[Records for this exercise]:
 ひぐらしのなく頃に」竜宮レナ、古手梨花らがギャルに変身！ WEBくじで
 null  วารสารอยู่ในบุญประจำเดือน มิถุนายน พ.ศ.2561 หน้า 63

---

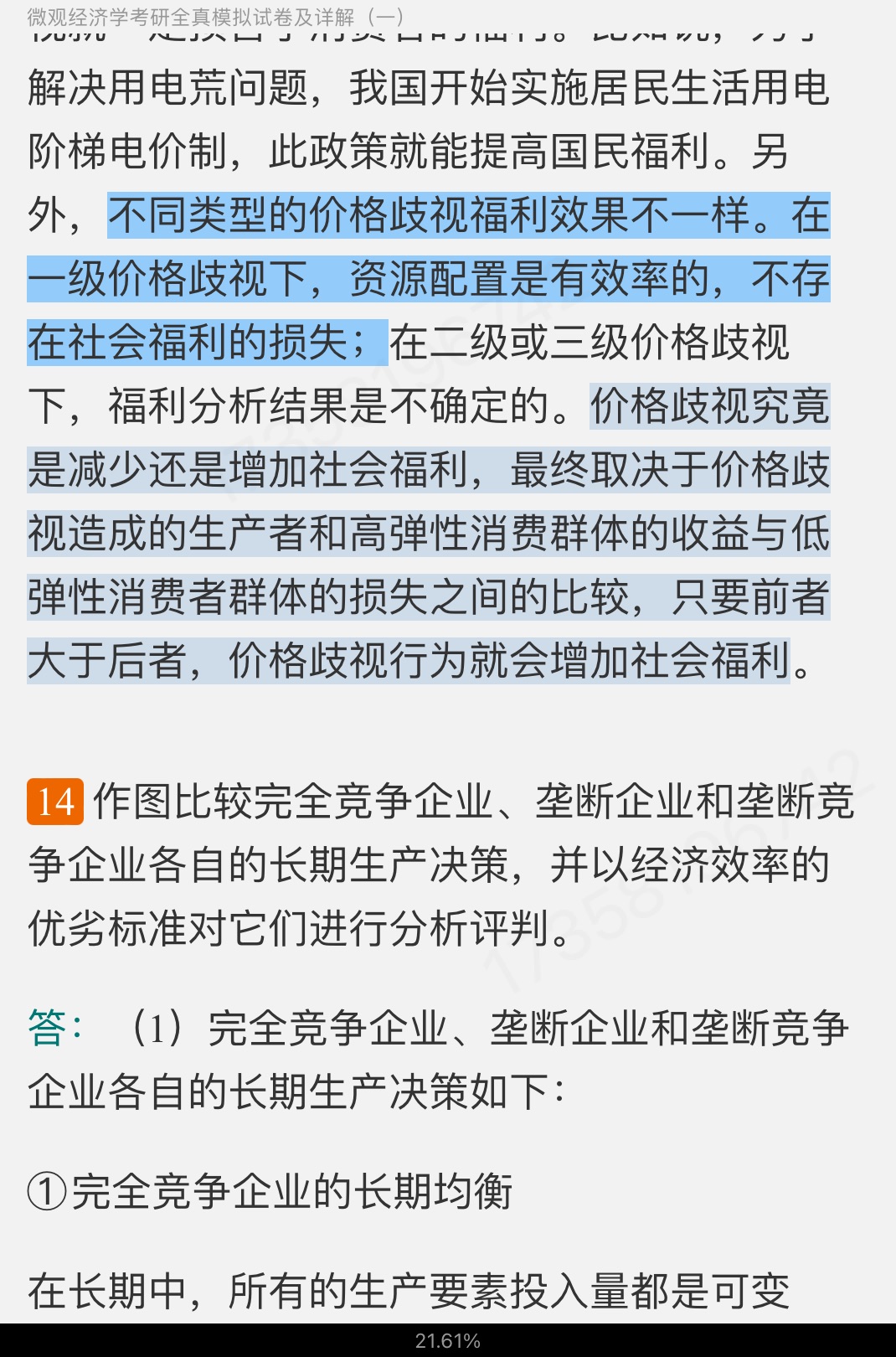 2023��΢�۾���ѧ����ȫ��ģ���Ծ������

[What the task requires]: Give back, exactly as written, the stretch from the line with "ひぐらしのなく頃に」竜宮レナ、古手梨花らがギャルに変身！ WEBくじで" through the line with "พ.ศ.2561 หน้า 63", and no other lines from the records above.

[Result below]:
 ひぐらしのなく頃に」竜宮レナ、古手梨花らがギャルに変身！ WEBくじで
 null  วารสารอยู่ในบุญประจำเดือน มิถุนายน พ.ศ.2561 หน้า 63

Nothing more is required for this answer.